None of ANSI Common Lisp is off-limits.

I think my Lisp style is rather more imperative in flavour than most
modern Lisp programmers.  It's probably closer to historical Lisp
practice in that regard, even though I wasn't writing Lisp back then.  A
lot of this is because I don't assume that the Lisp implementation
handles tail calls properly: Common Lisp is not Scheme.

I make extensive use of CLOS, and macros.  On a couple of occasions I've
made macros which use CLOS generic function dispatch to compute their
expansions.  The parser language is probably the best example of this in
the codebase.

I like hairy ~format~ strings.  I've intentionally opted to leave them
as challenges to the reader rather than explain them.

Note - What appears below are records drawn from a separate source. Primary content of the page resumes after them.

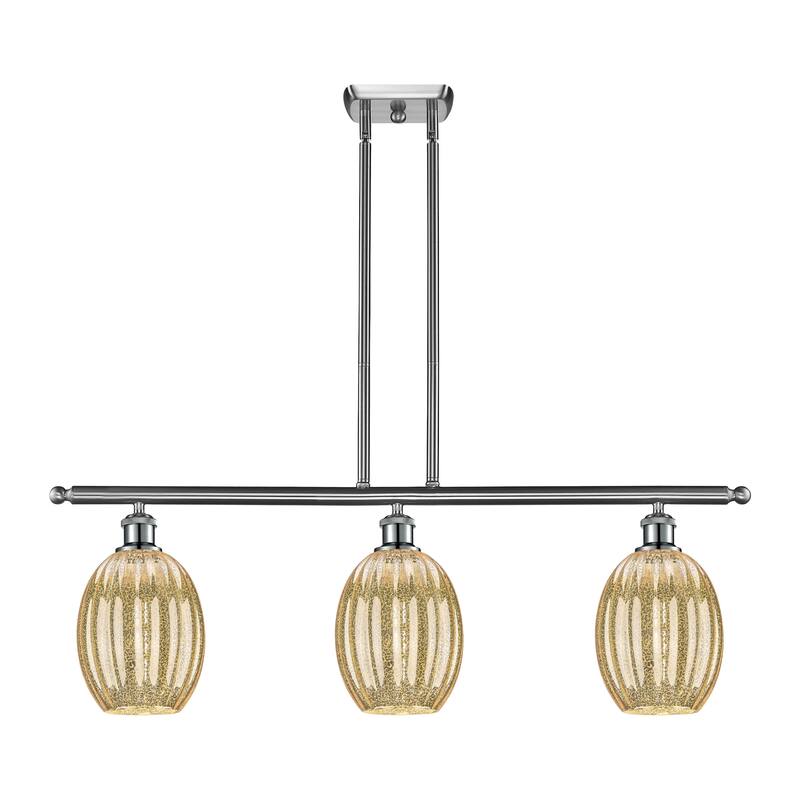 Innovations Lighting Endless Possibilities Ballston - Preston - 3 Light 36" Bulb Shade Stem Hung Island Light - Mercury/Brushed Satin Nickel
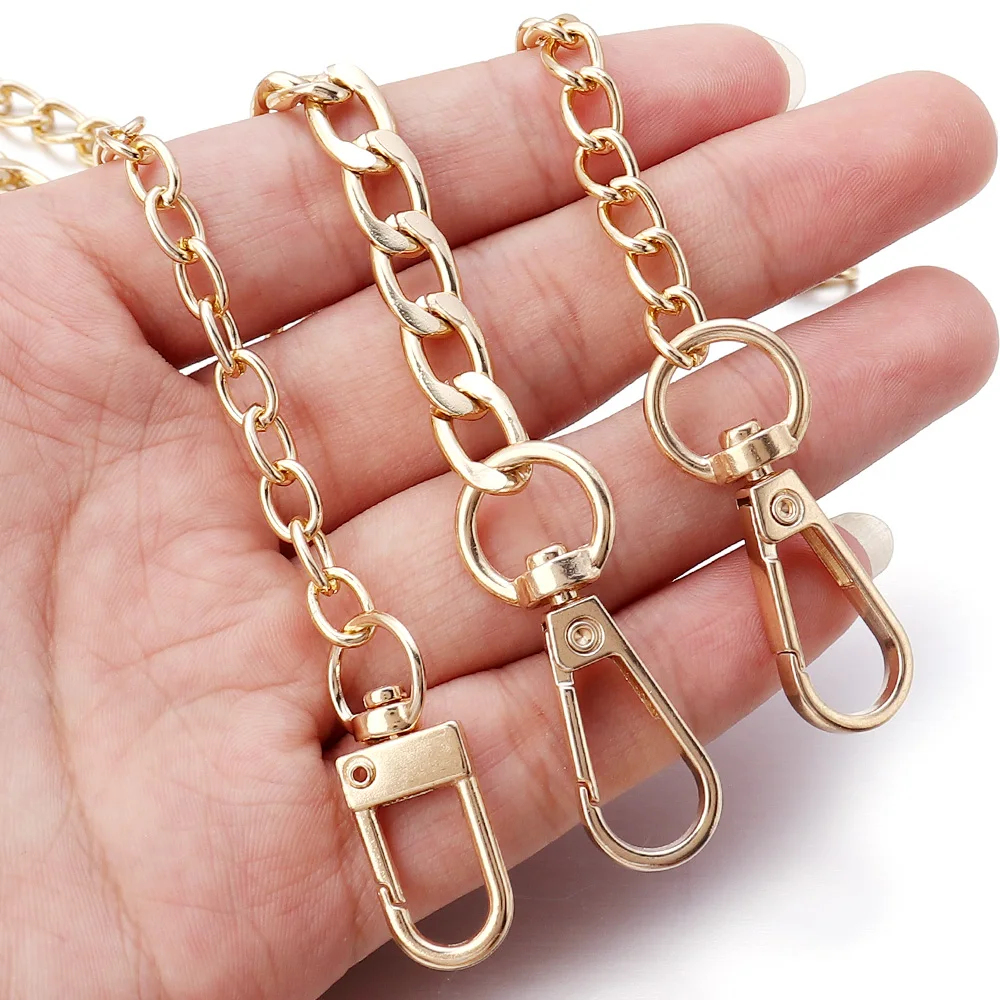 Cadena de repuesto de aluminio para bolso de mujer, de Metal de correa de hombro 20/40/80/120cm, accesorios de cadena cruzada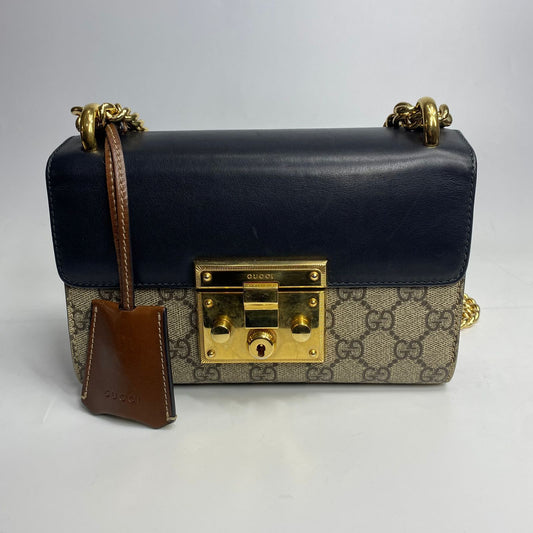 Gucci GG Supreme Padlock Small Shoulder Bag Beige and Black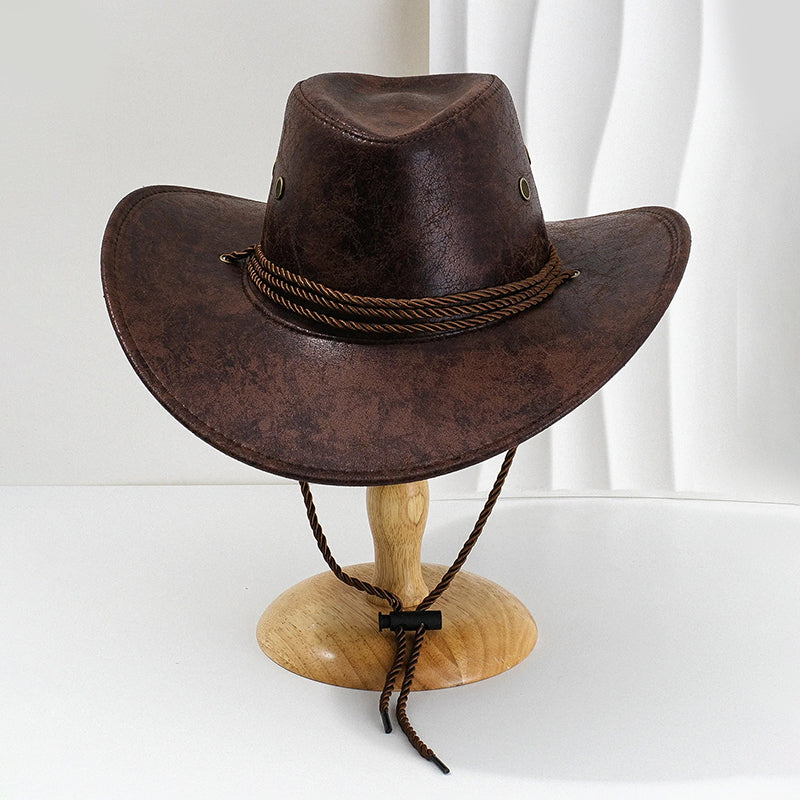 Men’s Cowboy Hat with Wide Brim and Chin Cord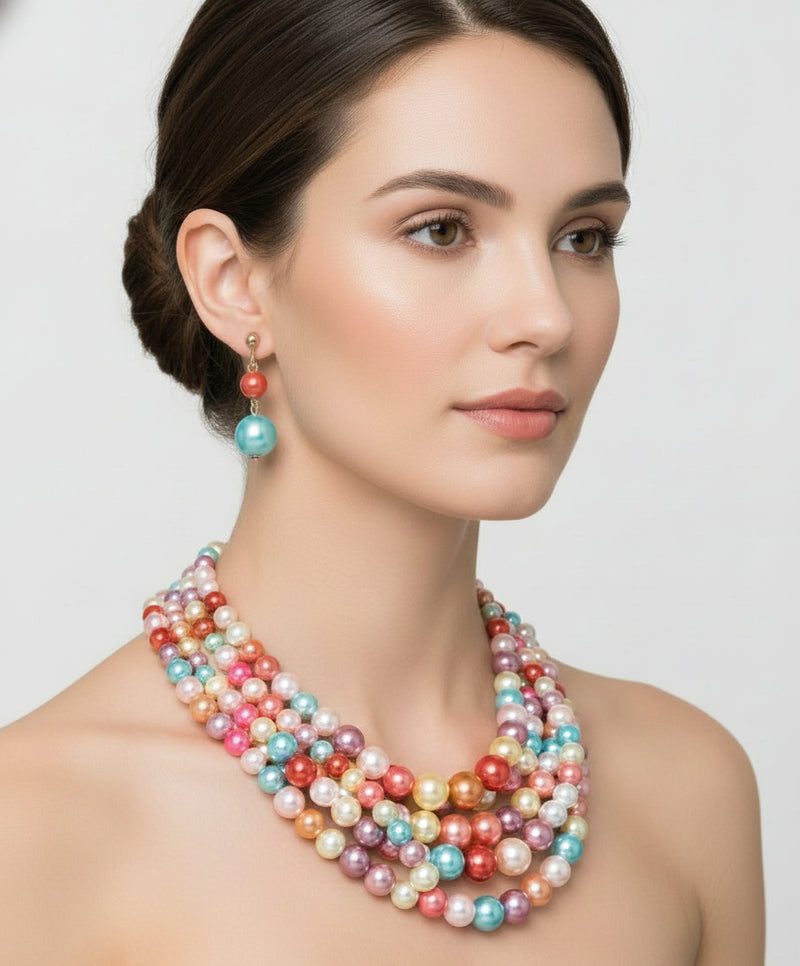 Clip on gold and pink multi colored five strand pearl beaded necklace set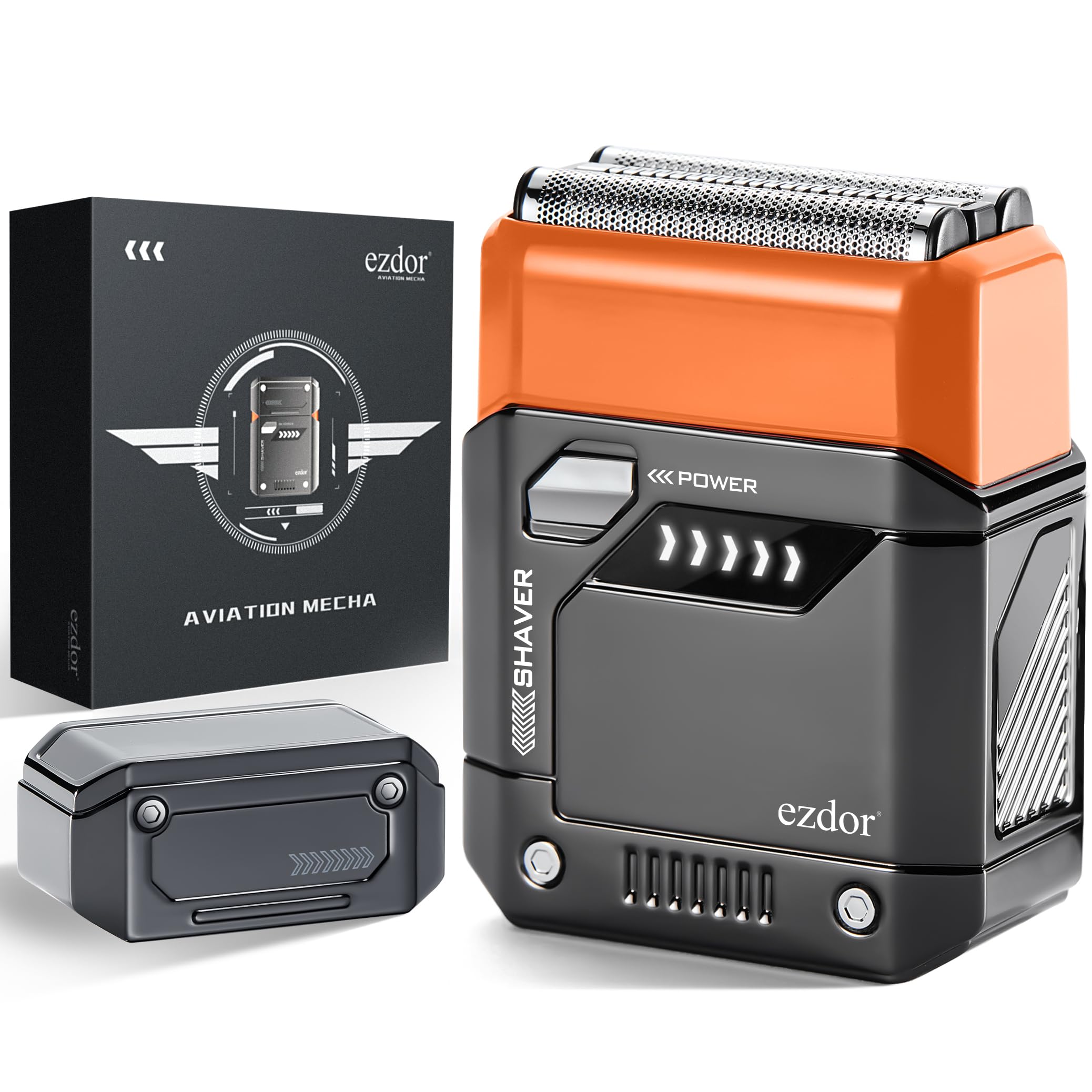 Electric Razor for Men Mini Foil Shaver with 3-Blade USB-C Rechargeable Waterproof Cordless Metal Shaver with Travel Case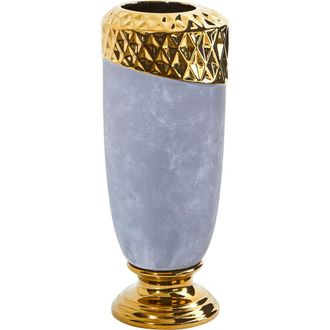 Nearly Natural 11.5-in Regal Stone Vase with Gold Accents in Gray at Nordstrom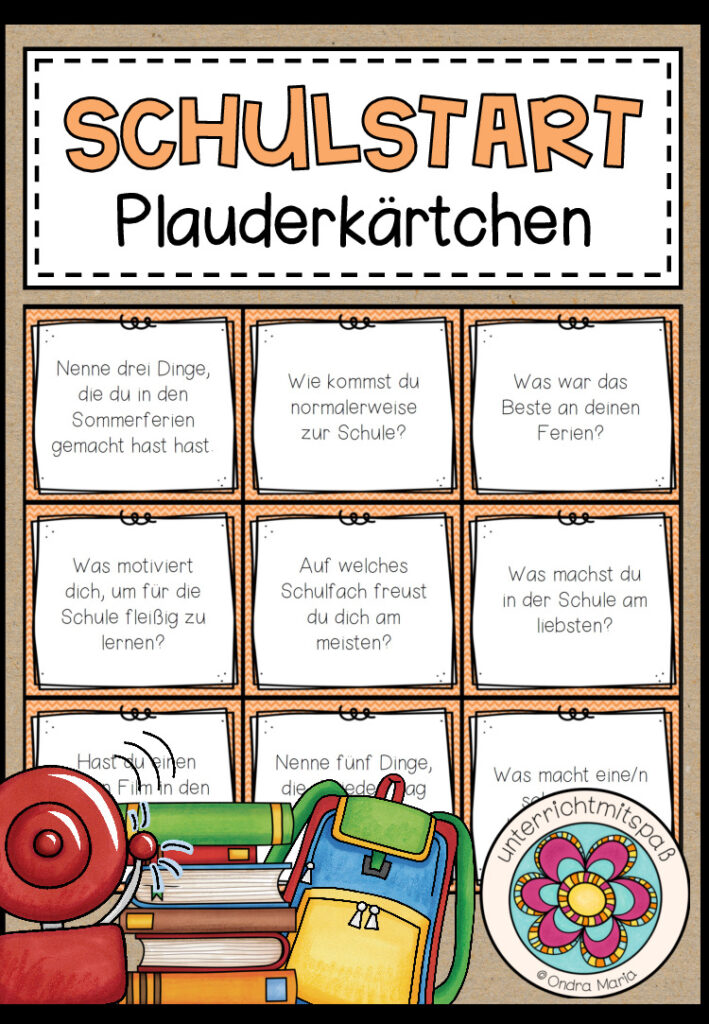 SCHULSTART – Plauderkärtchen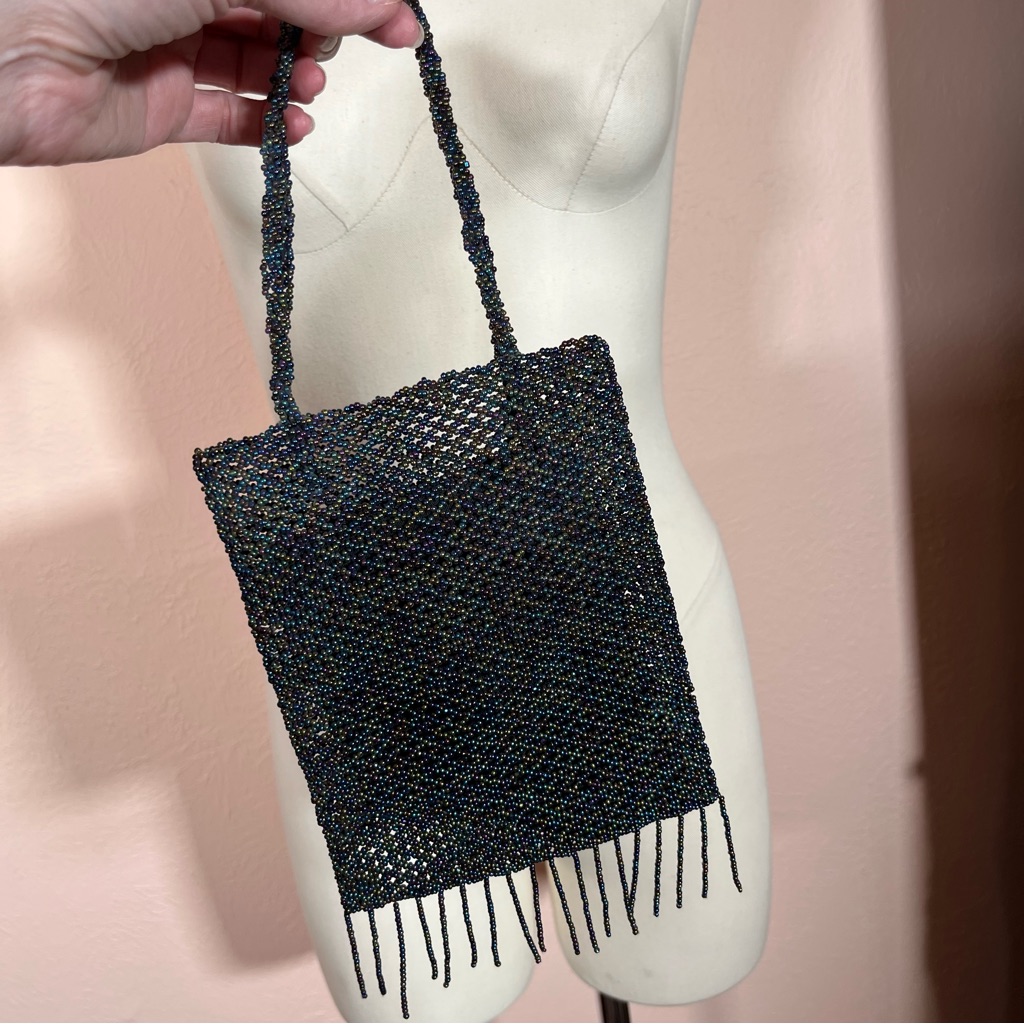 Art Deco Vintage Vanessa Glass Beaded Black Aurora Borealis Fringed Evening Bag — image 3 of 8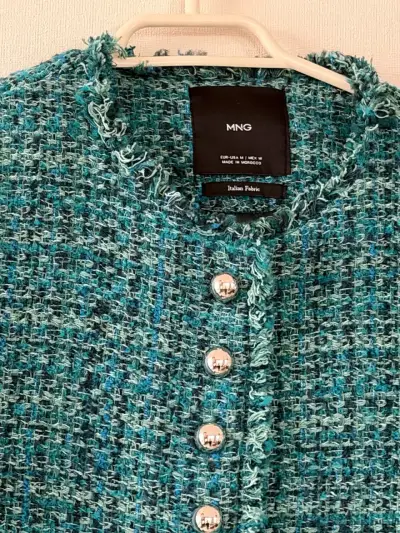 Chaqueta de tweed turquesa Mango - miniatura 3
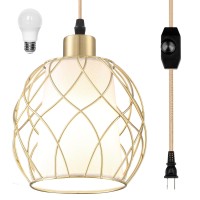 Cinkeda Plug In Pendant Light,Hanging Light With Plug In Cord,Hanging Lamp With Linen Shade, 15Ft Golden Cotton Cord, Plug In Light Fixture For Bedroom (Bulb Included)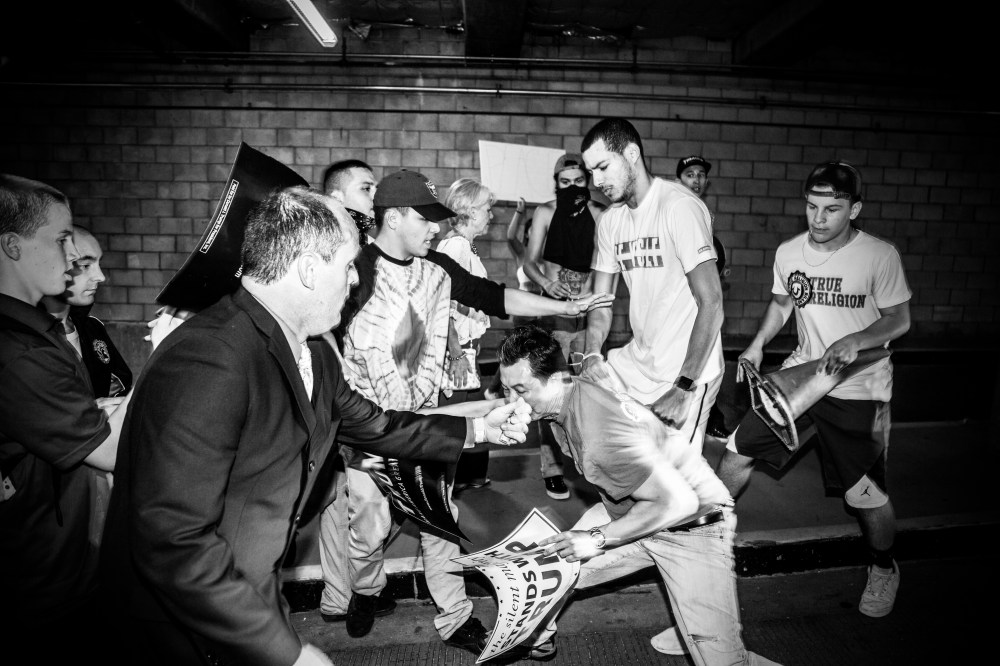 Donald Trump protesters and supporters clash inside a parking lot near Trump's election rally in San Jose, Calif., June 2, 2016. (Photo by Mark Peterson/Redux for MSNBC)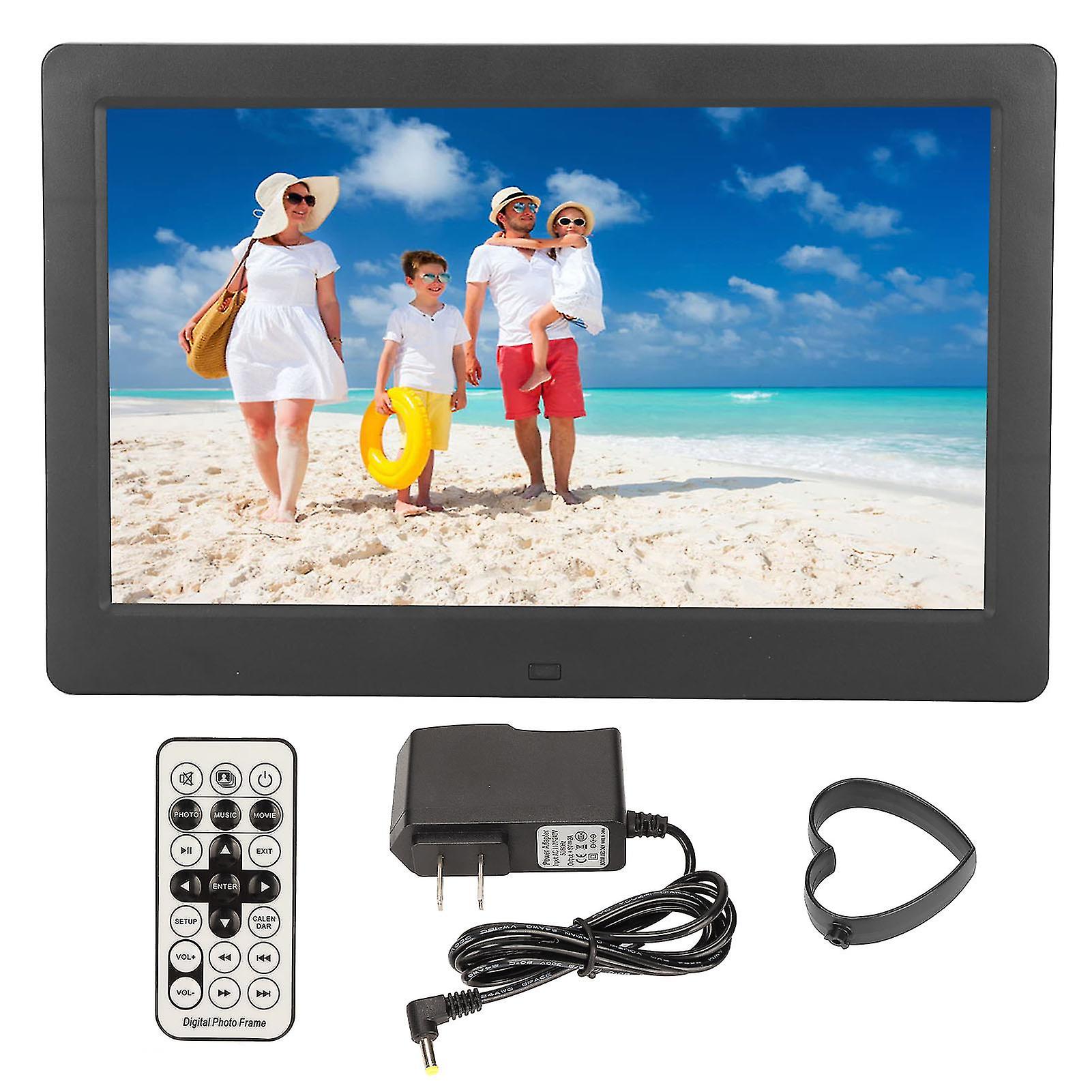 Digital Photo Frame 10 Inch HD LED Screen Slideshow Clock Music Function Electronic Album with Remote Control 110‑240V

I've avoided hairy ~loop~ for the most part, not because I dislike it
strongly but because others do and I don't find that it wins big enough
for the fight to be worthwhile.

I only use ~&aux~ lambda-list parameters in ~defstruct~ BOA
constructors, for special effects.

I use ~car~, not ~first~, and ~cdr~, not ~rest~.  Similarly, I use
~cadr~, not ~second~, and I'm not afraid to use ~cddr~ or ~cadar~.

Similarly, I've not used ~elt~, preferring to know what kind of sequence
I'm dealing with, or using the built-in sequence functions.

I'm happy to use ~1+~, and I like the brevity of ~1-~ enough to use it
despite its terrible name.

There are no reader syntax extensions in the code.  This is because I
couldn't think of any way they'd be especially helpful, and not because
I'm in any way opposed to them.

The main translator, in the ~SOD~ package, tries to assume very little
beyond ANSI Common Lisp and what's included in just about every serious
implementation: specifically, MOP introspection, and Gray streams.
There's intentionally no MOP intercession.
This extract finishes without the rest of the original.